§ **TASK DESCRIPTION**
What is needed is an exact repeat of the lines from the line containing "this 960×640 image." through the final line of the entries below, and nothing else.

═════ SOURCE MATERIAL

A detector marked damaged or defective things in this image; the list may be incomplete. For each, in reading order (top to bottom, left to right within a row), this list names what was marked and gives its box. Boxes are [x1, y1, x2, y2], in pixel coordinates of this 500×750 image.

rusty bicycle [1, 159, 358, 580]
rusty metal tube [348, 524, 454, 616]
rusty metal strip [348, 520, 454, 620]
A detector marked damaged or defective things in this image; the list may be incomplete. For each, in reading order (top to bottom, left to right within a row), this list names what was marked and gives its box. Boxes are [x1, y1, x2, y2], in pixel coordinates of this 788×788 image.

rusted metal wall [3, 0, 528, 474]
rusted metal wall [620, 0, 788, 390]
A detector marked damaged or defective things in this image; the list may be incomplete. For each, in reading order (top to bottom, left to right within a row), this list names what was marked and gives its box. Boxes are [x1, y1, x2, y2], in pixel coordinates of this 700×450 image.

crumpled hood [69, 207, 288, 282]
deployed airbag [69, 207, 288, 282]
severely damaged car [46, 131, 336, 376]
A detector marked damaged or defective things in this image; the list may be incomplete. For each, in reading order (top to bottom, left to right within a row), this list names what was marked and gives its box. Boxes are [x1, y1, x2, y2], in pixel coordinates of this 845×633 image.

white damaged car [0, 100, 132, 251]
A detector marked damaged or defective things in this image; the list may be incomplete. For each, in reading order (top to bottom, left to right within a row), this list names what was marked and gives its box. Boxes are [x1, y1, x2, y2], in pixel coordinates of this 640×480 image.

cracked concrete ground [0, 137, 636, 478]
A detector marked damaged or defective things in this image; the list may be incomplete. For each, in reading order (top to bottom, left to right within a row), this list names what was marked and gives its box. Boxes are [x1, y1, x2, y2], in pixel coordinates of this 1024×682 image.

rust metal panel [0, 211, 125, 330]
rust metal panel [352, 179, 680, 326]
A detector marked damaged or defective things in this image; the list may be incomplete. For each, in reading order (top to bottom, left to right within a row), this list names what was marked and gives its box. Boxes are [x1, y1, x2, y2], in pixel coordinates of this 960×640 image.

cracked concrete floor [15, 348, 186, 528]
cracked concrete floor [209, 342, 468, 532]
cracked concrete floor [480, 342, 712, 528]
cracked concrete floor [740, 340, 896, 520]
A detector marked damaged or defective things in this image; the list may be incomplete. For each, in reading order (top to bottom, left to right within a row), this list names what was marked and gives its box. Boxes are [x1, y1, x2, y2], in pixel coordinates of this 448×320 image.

══════════

§ **TASK RESULT**
A detector marked damaged or defective things in this image; the list may be incomplete. For each, in reading order (top to bottom, left to right within a row), this list names what was marked and gives its box. Boxes are [x1, y1, x2, y2], in pixel coordinates of this 960×640 image.

cracked concrete floor [15, 348, 186, 528]
cracked concrete floor [209, 342, 468, 532]
cracked concrete floor [480, 342, 712, 528]
cracked concrete floor [740, 340, 896, 520]
A detector marked damaged or defective things in this image; the list may be incomplete. For each, in reading order (top to bottom, left to right within a row), this list names what was marked and gives its box. Boxes are [x1, y1, x2, y2], in pixel coordinates of this 448×320 image.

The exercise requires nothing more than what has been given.